In that article I discussed the eerie coincidence between customer and marketing analytics and sudoku. One of the successful techniques for quickly solving sudoku puzzles is to test the relevance and appropriate usage of logical solutions and then project the “impact” on the entire puzzle. That’s simply how you get customer and data-driven analysis with the numbers you have today.
The key to ensuring that analytics is relevant is to fully align the techniques, tools, and data you use with the business problem you are trying to solve. Applying a state-of-the-art technique to an issue that would be better addressed using a more straightforward approach is making the means more important than the end. It’s ineffectual.
One leading national bank was grappling with customer-retention challenges as well as potentially big opportunities in customer acquisition. Its internal analytics team was advocating the application of multiple advanced techniques, some of which had not been proven in that environment before. The approach could best be described as “this is a big, hairy, important problem requiring impressive analytics.” The executive was skeptical and overwhelmed. Would he ultimately get an answer that was technically elegant but of little practical value?
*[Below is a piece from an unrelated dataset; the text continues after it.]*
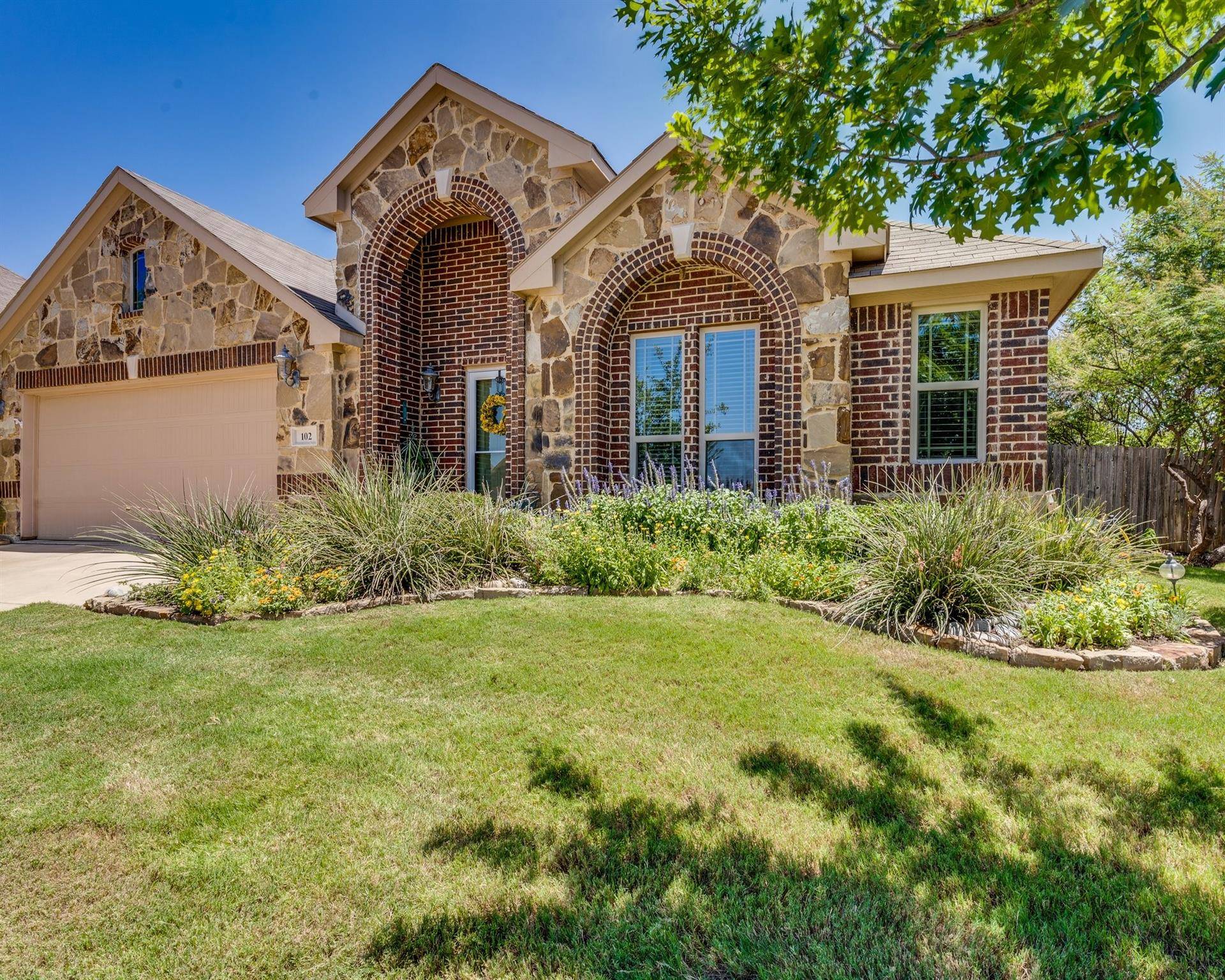 Alvarado, TX 76009,102 Briarstone Drive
Our approach was to 1) quickly understand the business challenges and opportunities, 2) use simple and proven predictive modeling techniques, 3) add a dashboard depiction of results that the executive’s team could use to track progress and learning, and 4) recommend specific strategy and tactics to target the right customers for retention and acquisition. By proposing a simpler but more relevant and aligned approach, we ensured that relevance drove results:
• assisted in identifying an $89 million yearly direct mail “mover” retention opportunity for the bank
• doubled direct mail response rates
• enabled testing and learning for more-focused customer and prospect targeting.
At its heart, predictive modeling is about enabling prioritization among poor, marginal, and superior marketing investment opportunities for topics such as customer relationship development. Key to making that happen is the ability to effectively deploy analytic techniques that produce measurable impact.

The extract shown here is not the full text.